Towards Robust LLM Post-Training: Automatic Failure Management for Reinforcement Fine-Tuning

arXiv cs.AI / 5/7/2026

💬 OpinionIdeas & Deep AnalysisModels & Research

共有:

Key Points

Reinforcement fine-tuning (RFT) for large language models is widely used for post-training, but the training process is fragile and lacks automated failure management.
The paper introduces RFT-FaultBench, a new benchmark with multiple categories of failure (5 fault families, 16 fault types) and a large collection of training run and trajectory records to study failures in detail.
It finds that RFT failures are both detectable from training dynamics and identifiable via empirical “fault fingerprints.”
Building on these insights, the authors propose RFT-FM, a closed-loop framework that combines anomaly detection, failure diagnosis, and automatic remediation.
Experiments indicate that the benchmark reveals non-trivial, non-saturated failure patterns (including subtle faults), and that RFT-FM can detect, diagnose, and mitigate such failures effectively.

Abstract

Reinforcement fine-tuning (RFT) has become a core paradigm for post-training large language models, yet its training process remains highly fragile.

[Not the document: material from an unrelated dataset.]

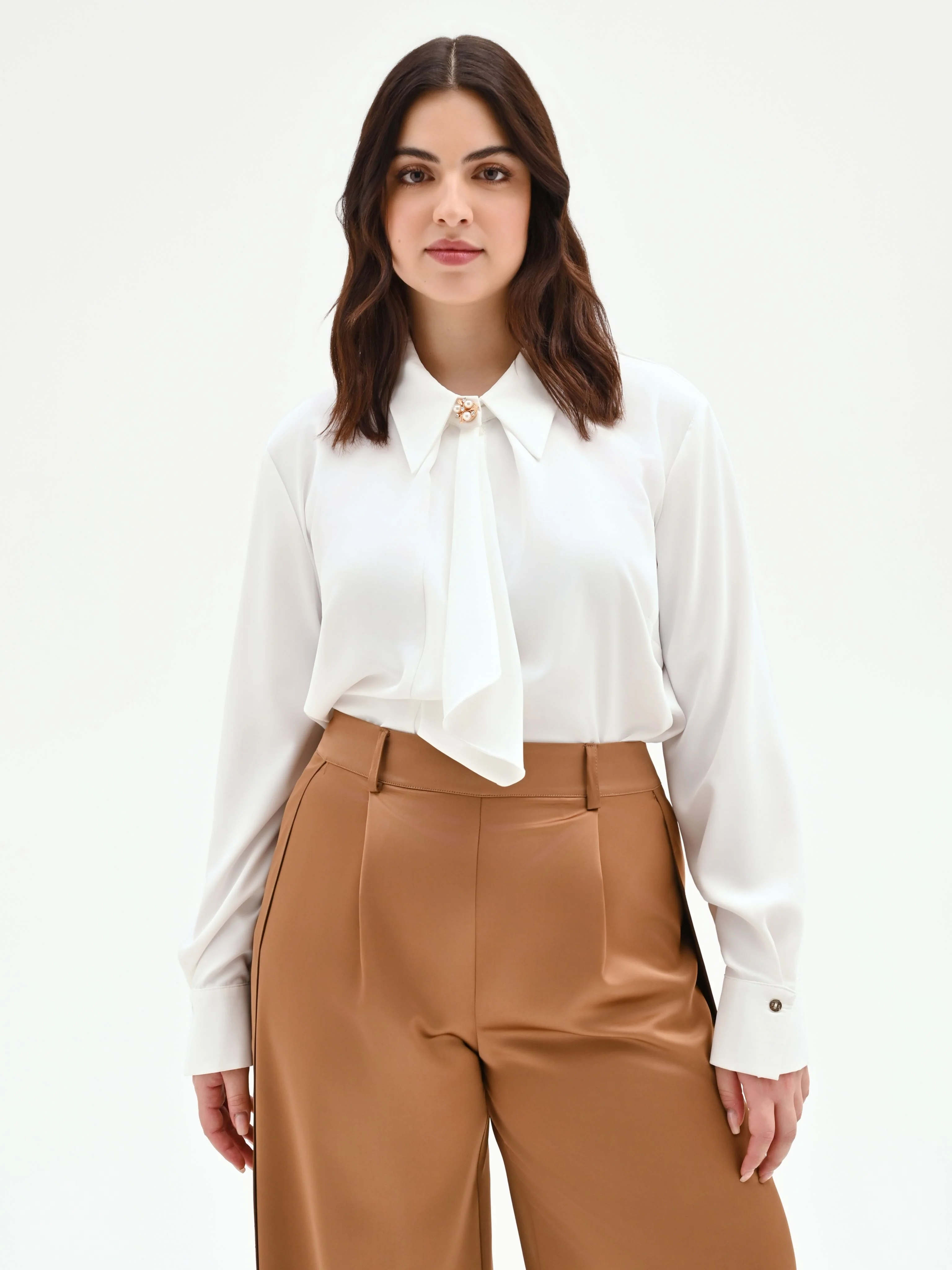 Camicia curvy panna bianco con foulard e spilla gioiello - Image 4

Existing efforts mainly improve reliability at the system level or address specific issues in individual subproblems by modifying RFT algorithms. Despite their effectiveness, they largely overlook the problem of failure management at the training-process level. When training goes wrong, practitioners still rely heavily on expert-driven manual inspection and correction, and automatic failure management for RFT remains largely unexplored. In this paper, we take a first step toward systematic failure management for reinforcement fine-tuning. To understand the empirical structure of RFT failures, we first construct RFT-FaultBench, the first benchmark for fine-grained failures in reinforcement fine-tuning, covering 5 fault families, 16 fault types, 779 training runs, 22,549 train-step records, and 1,457,288 trajectory-level records. Based on this benchmark, we conduct a comprehensive empirical study showing that RFT failures are both observable from training dynamics and distinguishable through their empirical fault fingerprints. Building on these findings, we propose RFT-FM, an automatic failure management framework for reinforcement fine-tuning that unifies anomaly detection, failure diagnosis, and auto remediation in a closed loop. Experimental results show that RFT-FaultBench is neither trivial nor saturated: it exhibits clear anomaly structure while still posing substantial challenges, especially under subtle fault settings. Moreover, RFT-FM shows strong capability in detecting, diagnosing, and mitigating RFT failures.